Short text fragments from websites
****************************************

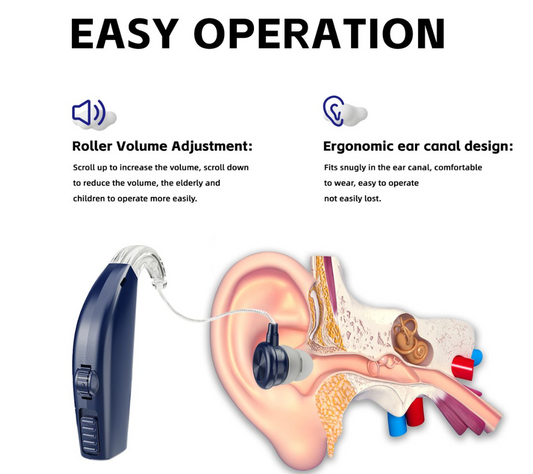 Bluetooth Hearing Amplifiers With Charging Case-Blue & White
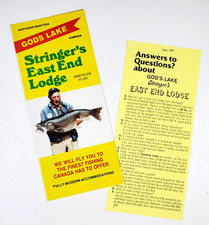 1983 Gods Lake Manitoba Stringer s East End Lodge Fly Fish VTG Travel Brochure
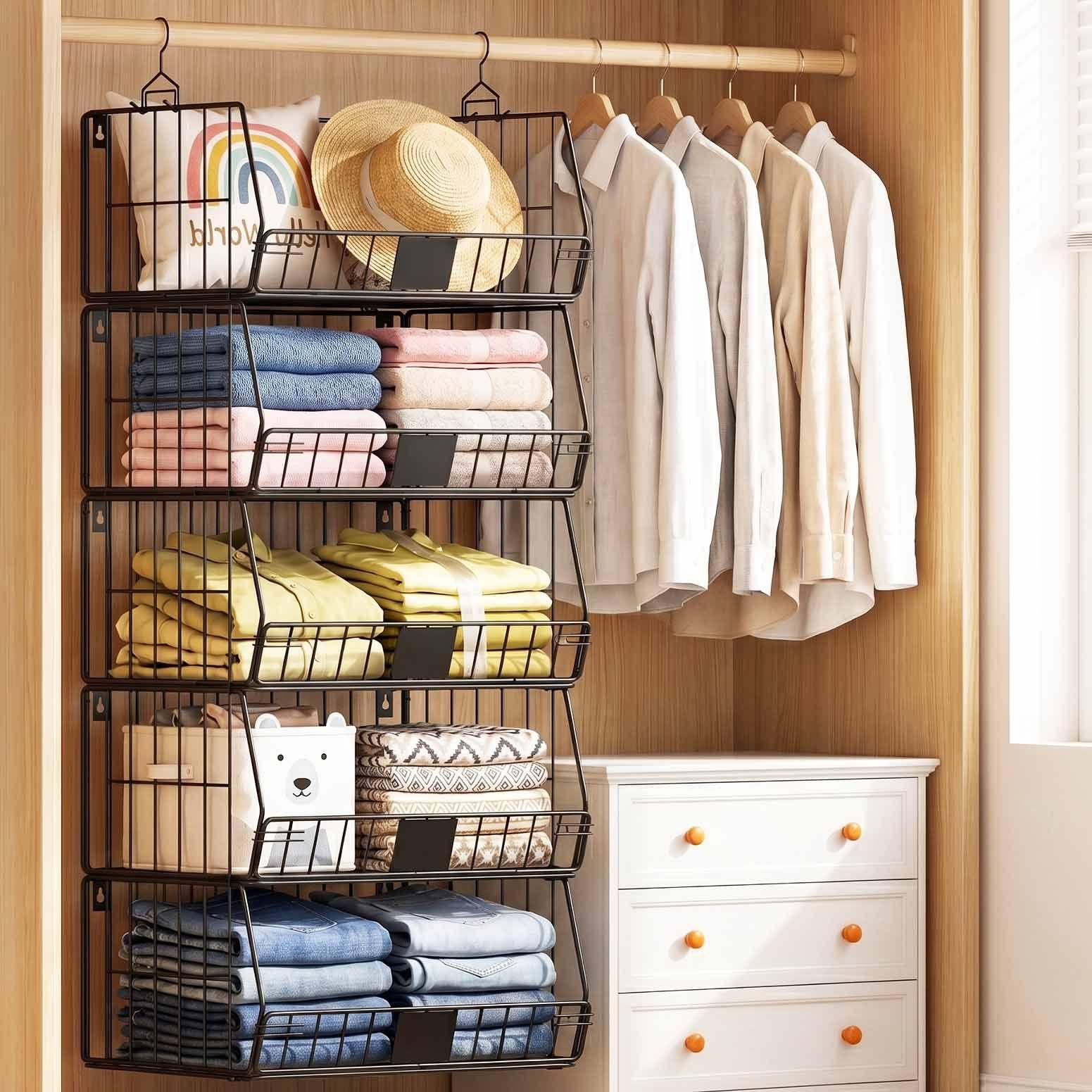 5 Tier Stackable Closet Organizers and Storage Closet Hanging Storage Organizer Shelves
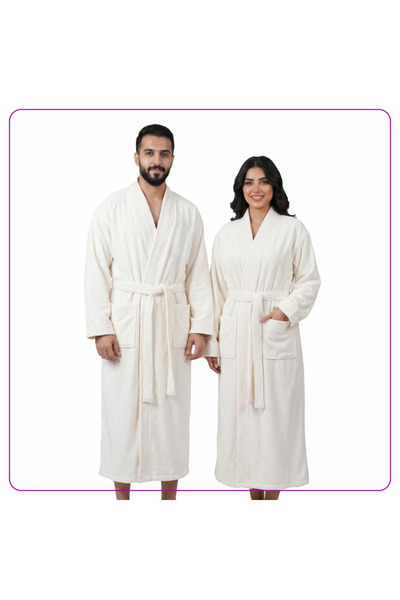 Donetella روب استحمام يونيسكس مقاس XL بياقة كيمونو من الألياف الدقيقة 330 جرا...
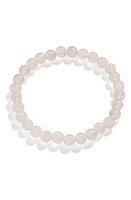 BaubleBar Semiprecious Stone Beaded Stretch Bracelet in Pink at Nordstrom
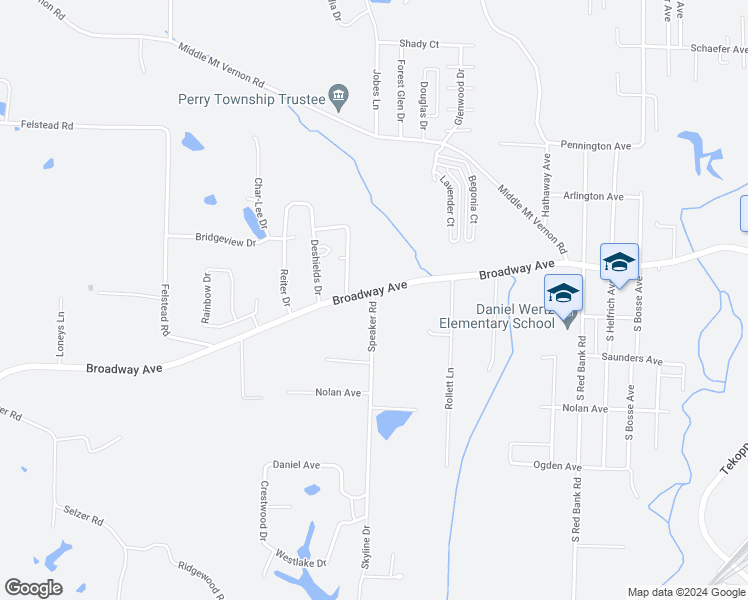map of restaurants, bars, coffee shops, grocery stores, and more near 1601-1671 Speaker Road in Evansville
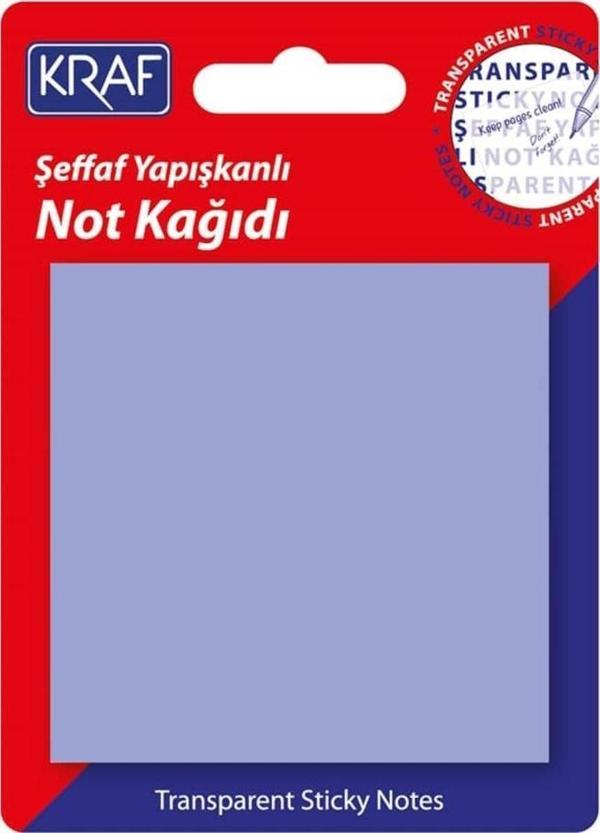 Kraf Yapışkanlı Şeffaf Not Kağıdı 76x76 mm 50 yp Transparan Mor - Image 1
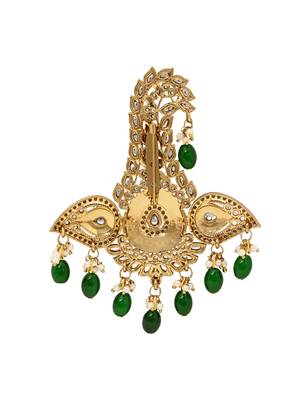 Gold plated traditional stone pearl drop safa kalangi brooch for groom/men/dulha pagadi 3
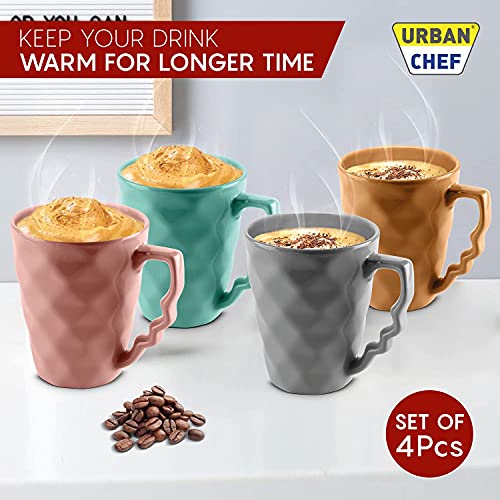 URBAN CHEF Coffee Mugs, Ceramic Coffee Mug, Microwave Safe, Coffee Mug Set, Milk Mug with Handle Ideal for Birthday Gift, Anniversary Gift, Birthday Gift for Friends, Ceramic Mug, Prism Handcrafted Shine, Diwali Gift Items - 225 ML - Set of 4 (Multicolor) - Image 4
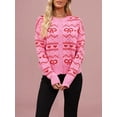 thumbnail image 3 of Women'S Cute Crew Neck Cardigan Long Sleeve Casual Knitted Cardigan Drop Shoulder Sweater Rose Red XL, 3 of 8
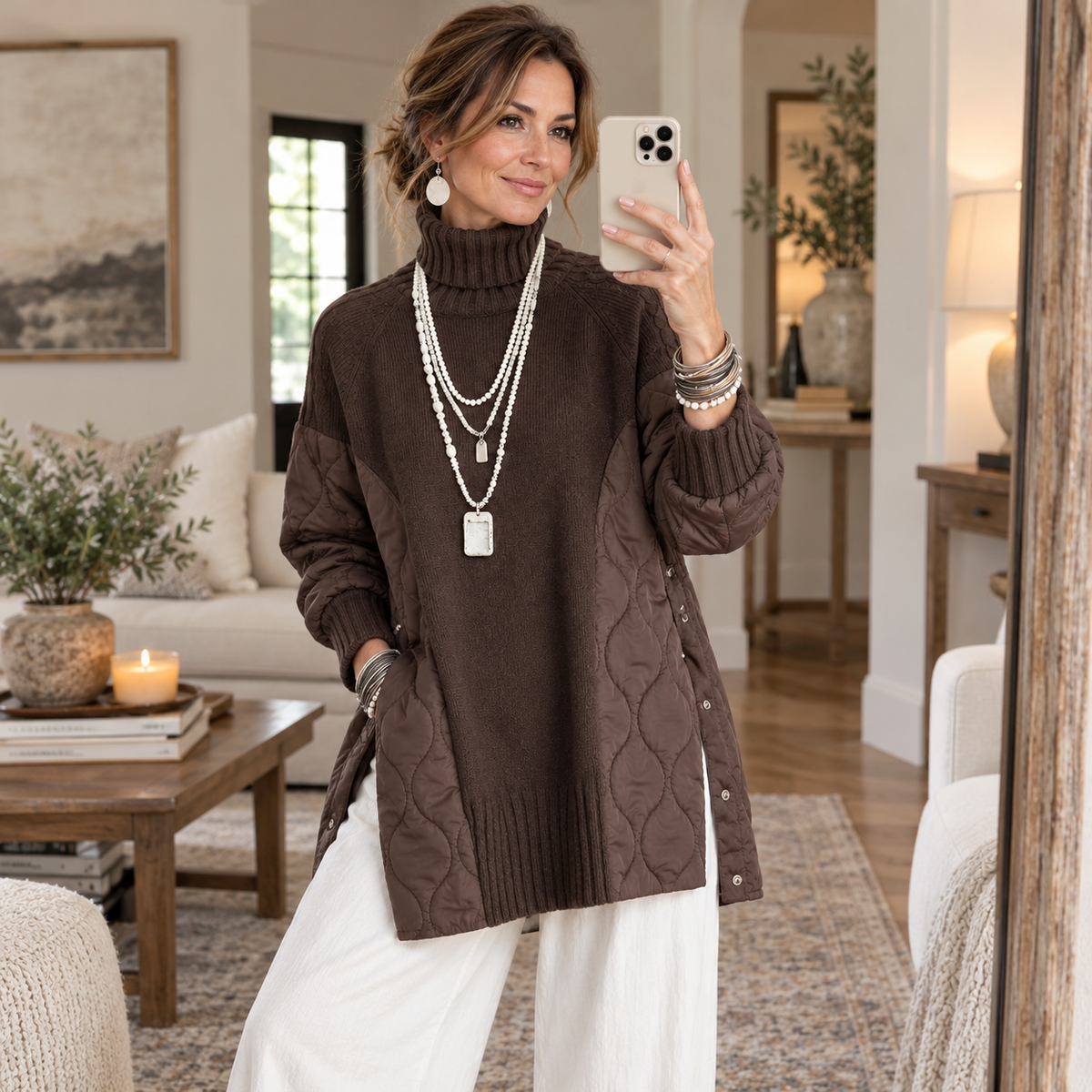 Quilted Haven – Quilted Panel Turtleneck Pullover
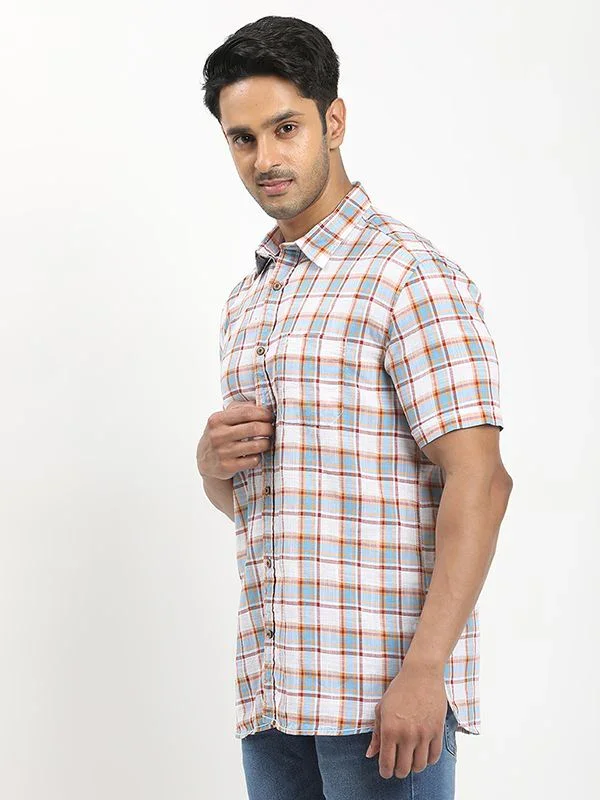 Men's Check Half Sleeves Cotton Shirt - Image 7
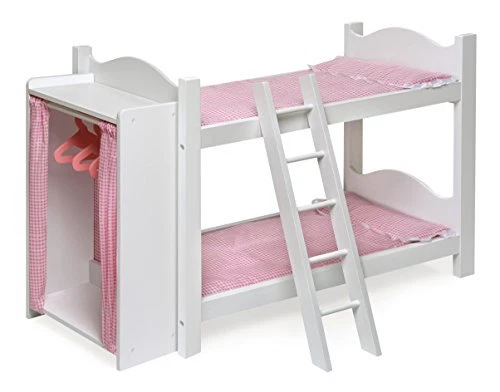 Toy Doll Bunk Bed with Clothing Armoire and Hangers for 22 inch Dolls -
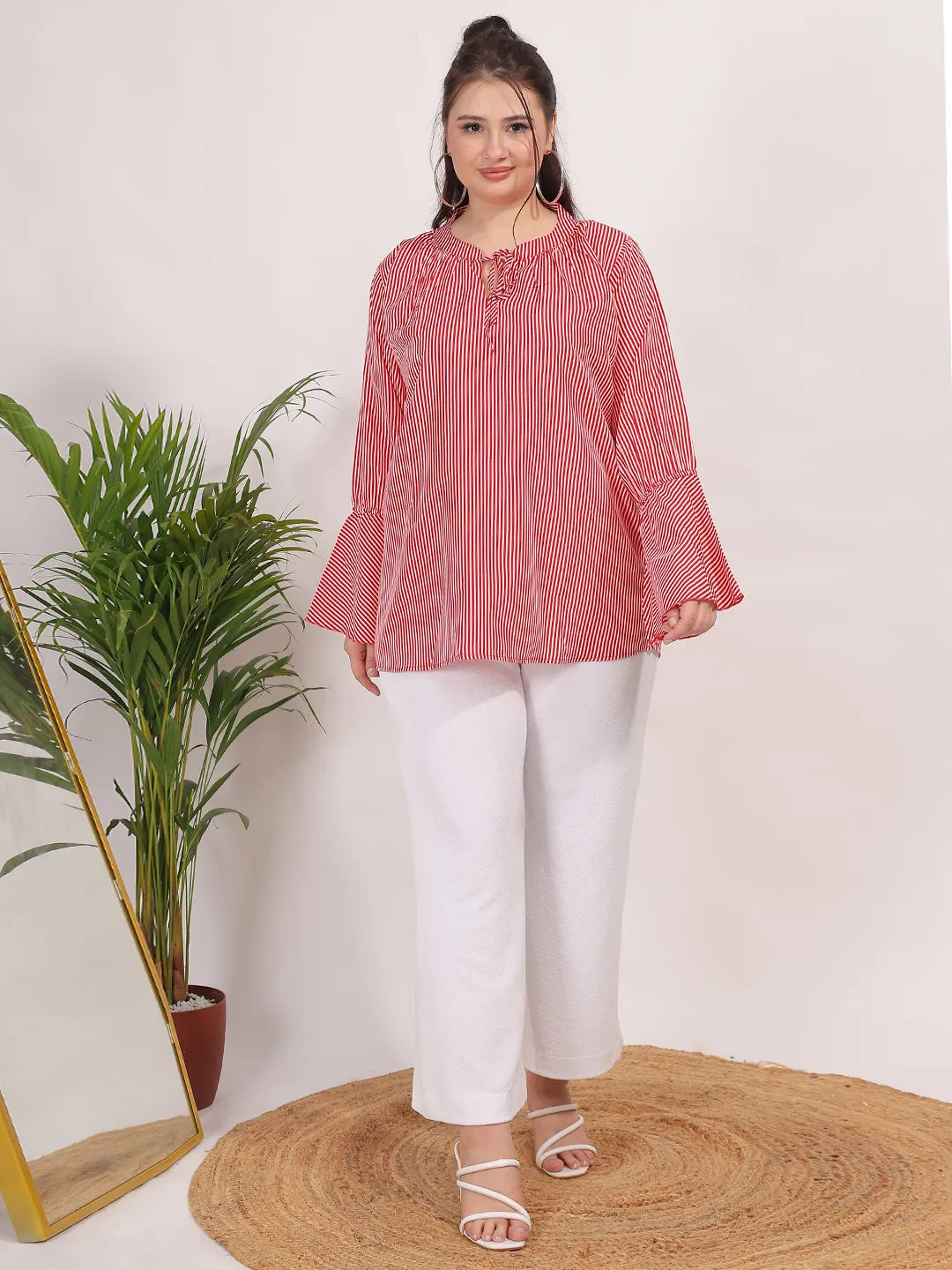 Stripes Printed Tie-Up Neck Top with Long Bell Sleeves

****************************************

Write out the data in full and exactly as given, though without the images.

Response:
 Bluetooth Hearing Amplifiers With Charging Case-Blue & White
 1983 Gods Lake Manitoba Stringer s East End Lodge Fly Fish VTG Travel Brochure
 5 Tier Stackable Closet Organizers and Storage Closet Hanging Storage Organizer Shelves
 Donetella روب استحمام يونيسكس مقاس XL بياقة كيمونو من الألياف الدقيقة 330 جرا...
 BaubleBar Semiprecious Stone Beaded Stretch Bracelet in Pink at Nordstrom
map of restaurants, bars, coffee shops, grocery stores, and more near 1601-1671 Speaker Road in Evansville
 Kraf Yapışkanlı Şeffaf Not Kağıdı 76x76 mm 50 yp Transparan Mor - Image 1
 Gold plated traditional stone pearl drop safa kalangi brooch for groom/men/dulha pagadi 3
 URBAN CHEF Coffee Mugs, Ceramic Coffee Mug, Microwave Safe, Coffee Mug Set, Milk Mug with Handle Ideal for Birthday Gift, Anniversary Gift, Birthday Gift for Friends, Ceramic Mug, Prism Handcrafted Shine, Diwali Gift Items - 225 ML - Set of 4 (Multicolor) - Image 4
 thumbnail image 3 of Women'S Cute Crew Neck Cardigan Long Sleeve Casual Knitted Cardigan Drop Shoulder Sweater Rose Red XL, 3 of 8
 Quilted Haven – Quilted Panel Turtleneck Pullover
 Men's Check Half Sleeves Cotton Shirt - Image 7
 Toy Doll Bunk Bed with Clothing Armoire and Hangers for 22 inch Dolls -
 Stripes Printed Tie-Up Neck Top with Long Bell Sleeves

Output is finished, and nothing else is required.